Records for this task:

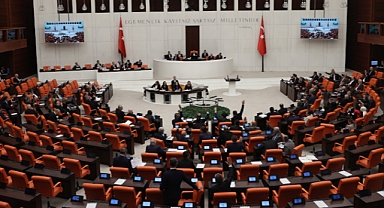 EN DÜŞÜK EMEKLİ MAAŞI VE BAYRAM İKRAMİYESİ BELLİ OLDU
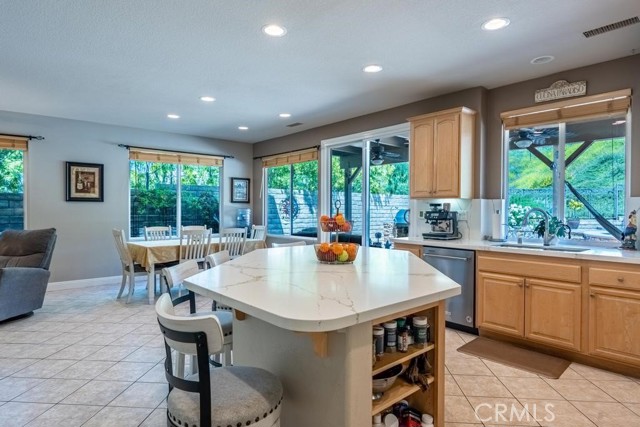 Detail Gallery Image 26 of 55 For 22019 Gold Canyon Dr, Saugus,  CA 91390 - 4 Beds | 2/2 Baths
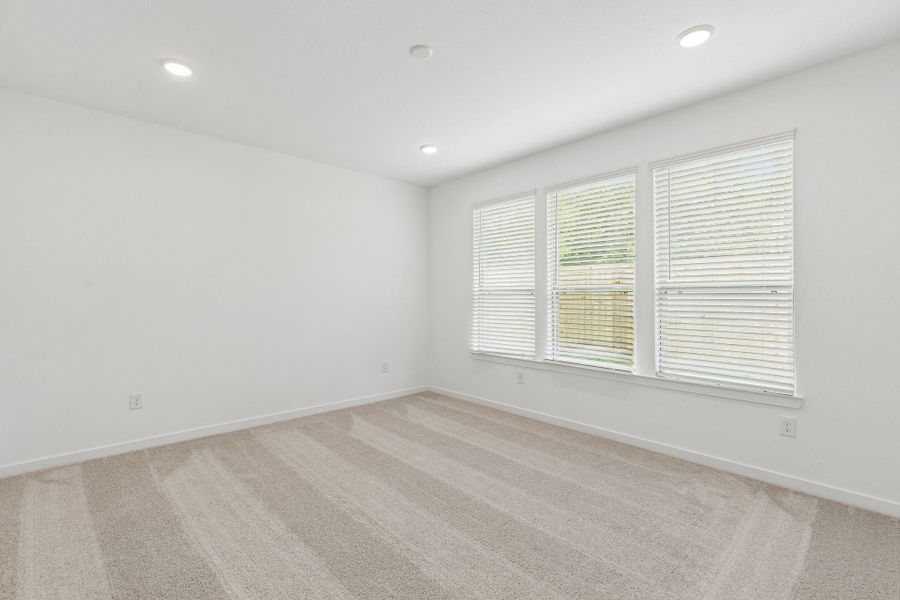 Spacious, unfurnished interior of a new home in Mavera, Conroe (Image 19). Spacious, unfurnished interior of a new home in Mavera, Conroe (Image 19).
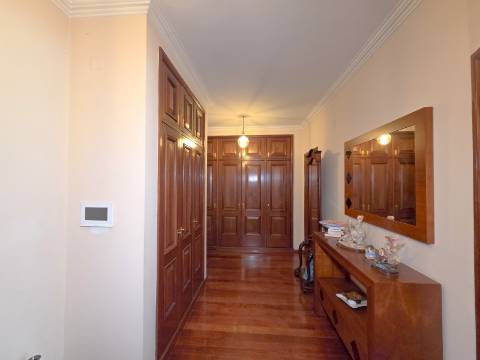 Apartamento T3 em São João da Madeira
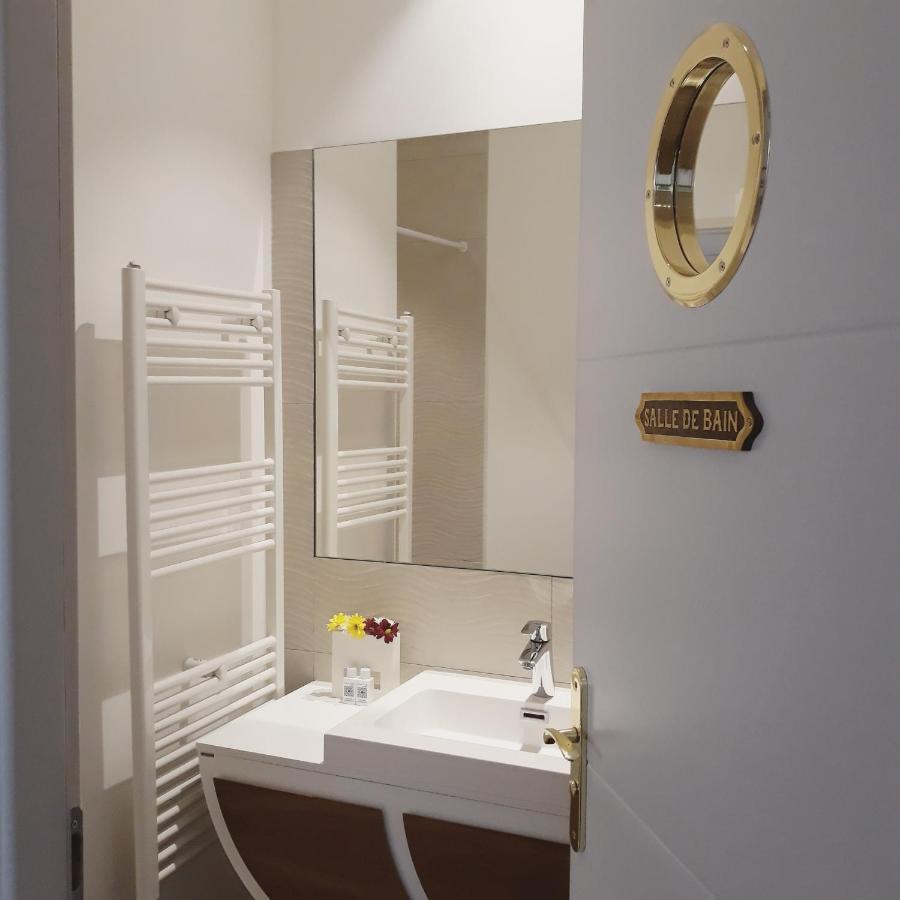 Sous Le Neflier Bed & Breakfast Nimes Exterior photo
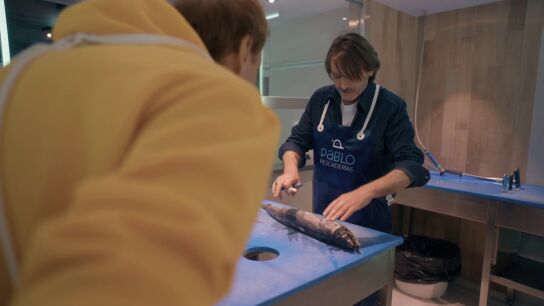 Fernando Tejero sorprende a Albert Espinosa con una confesi&oacute;n mientras limpia pescado: "Tengo dos dedos torcidos del fr&iacute;o"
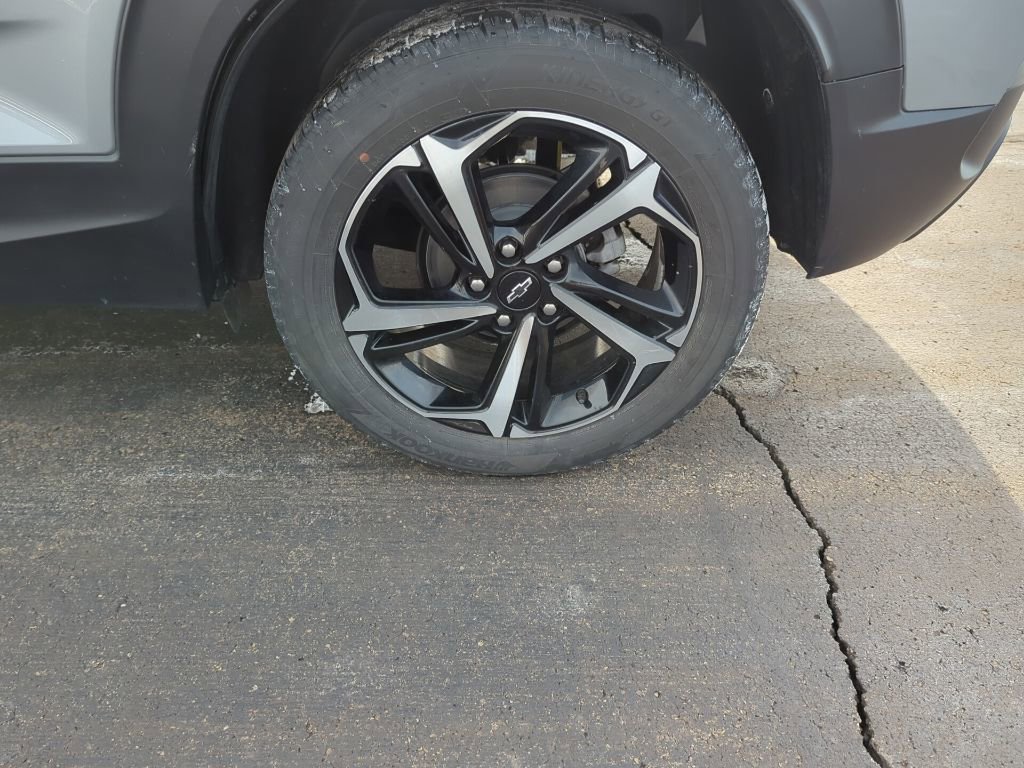 Certified 2023 Chevrolet TrailBlazer RS w/ Convenience Package image 12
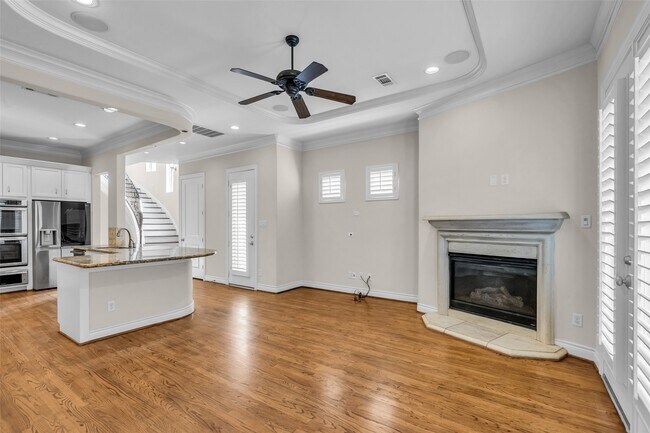 Building Photo - 5114 Rose St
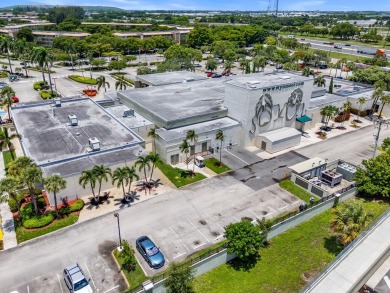 This beautifully updated,  2-bedroom, 2-bathroom condo is on Wynmoor Golf Course in Florida - for sale on GolfHomes.com, golf home, golf lot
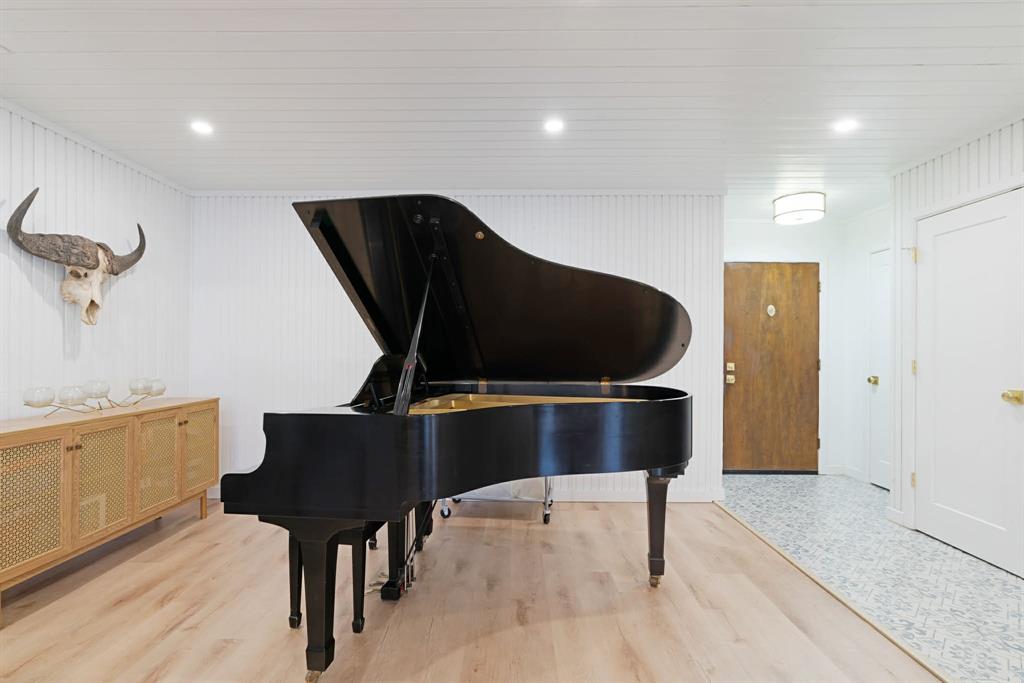 3350 Robin Road Paris, TX 75460 - Photo 9 of 21 a living room with furniture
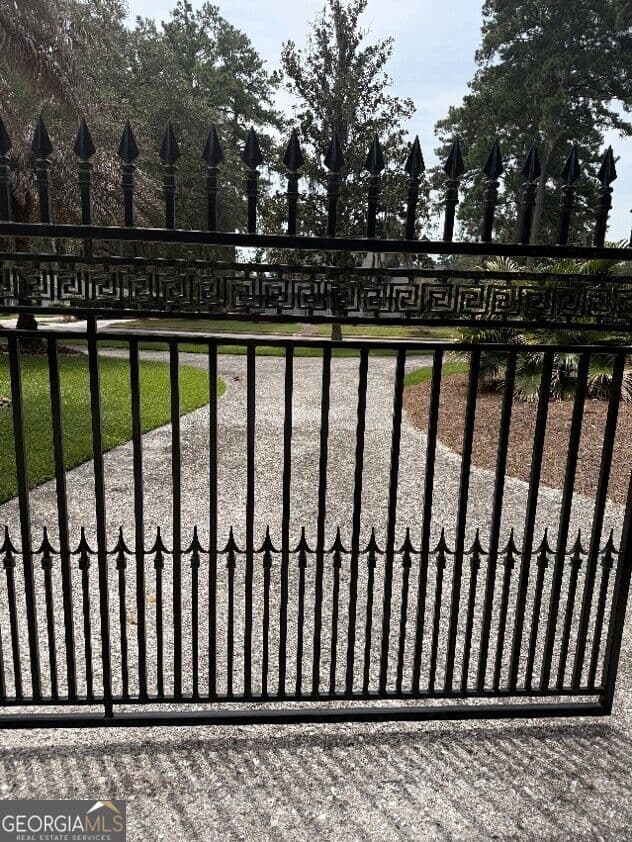 4 bedroom, 4.5 bathroom, 3,732 sq ft single family residence for sale at 310 Lee Boulevard, Savannah, GA 31405 — photo 2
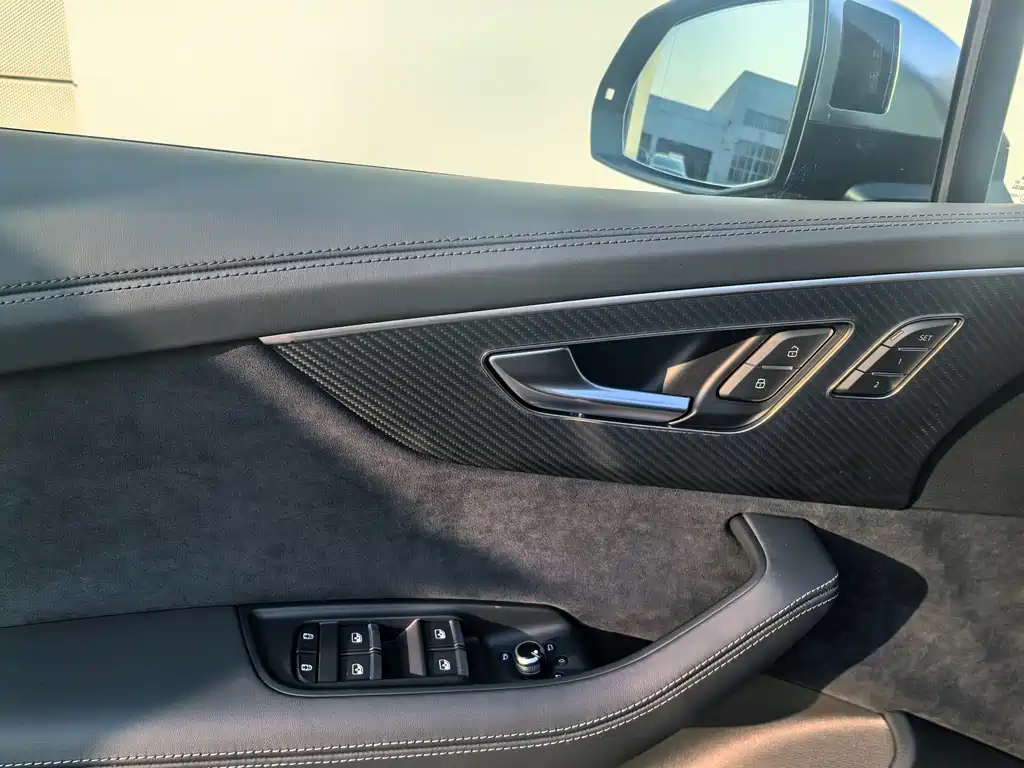 Audi SQ7 4.0 TFSI, фото 13
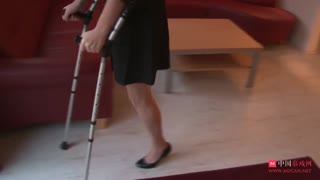 海外气质性感残疾截肢美女家务视频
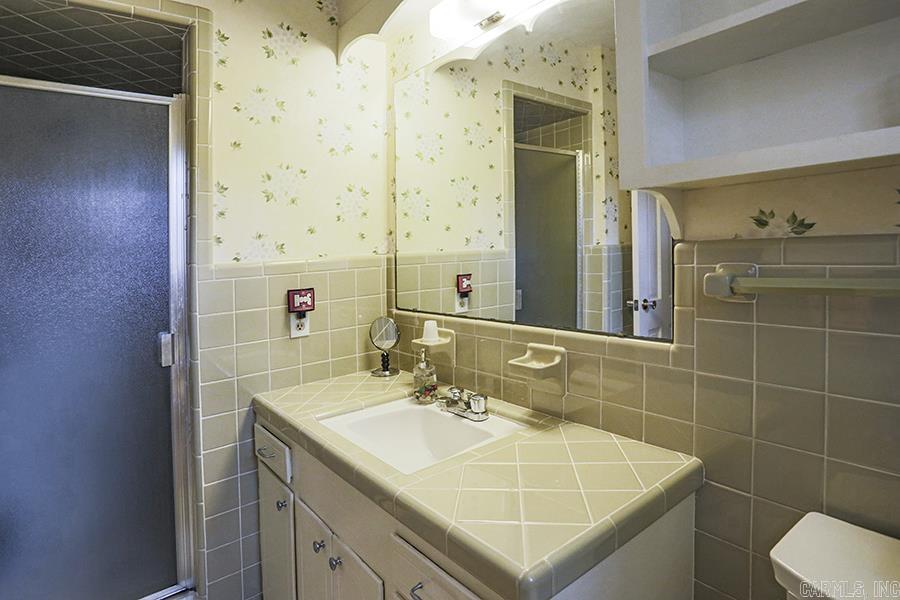 LEAWOOD MANOR - Residential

What is expected:
All records above must be output exactly as they stand, excluding pictures.

Problem solution:
 EN DÜŞÜK EMEKLİ MAAŞI VE BAYRAM İKRAMİYESİ BELLİ OLDU
 Detail Gallery Image 26 of 55 For 22019 Gold Canyon Dr, Saugus,  CA 91390 - 4 Beds | 2/2 Baths
 Spacious, unfurnished interior of a new home in Mavera, Conroe (Image 19). Spacious, unfurnished interior of a new home in Mavera, Conroe (Image 19).
 Apartamento T3 em São João da Madeira
 Sous Le Neflier Bed & Breakfast Nimes Exterior photo
 Fernando Tejero sorprende a Albert Espinosa con una confesi&oacute;n mientras limpia pescado: "Tengo dos dedos torcidos del fr&iacute;o"
 Certified 2023 Chevrolet TrailBlazer RS w/ Convenience Package image 12
 Building Photo - 5114 Rose St
 This beautifully updated,  2-bedroom, 2-bathroom condo is on Wynmoor Golf Course in Florida - for sale on GolfHomes.com, golf home, golf lot
 3350 Robin Road Paris, TX 75460 - Photo 9 of 21 a living room with furniture
 4 bedroom, 4.5 bathroom, 3,732 sq ft single family residence for sale at 310 Lee Boulevard, Savannah, GA 31405 — photo 2
 Audi SQ7 4.0 TFSI, фото 13
 海外气质性感残疾截肢美女家务视频
 LEAWOOD MANOR - Residential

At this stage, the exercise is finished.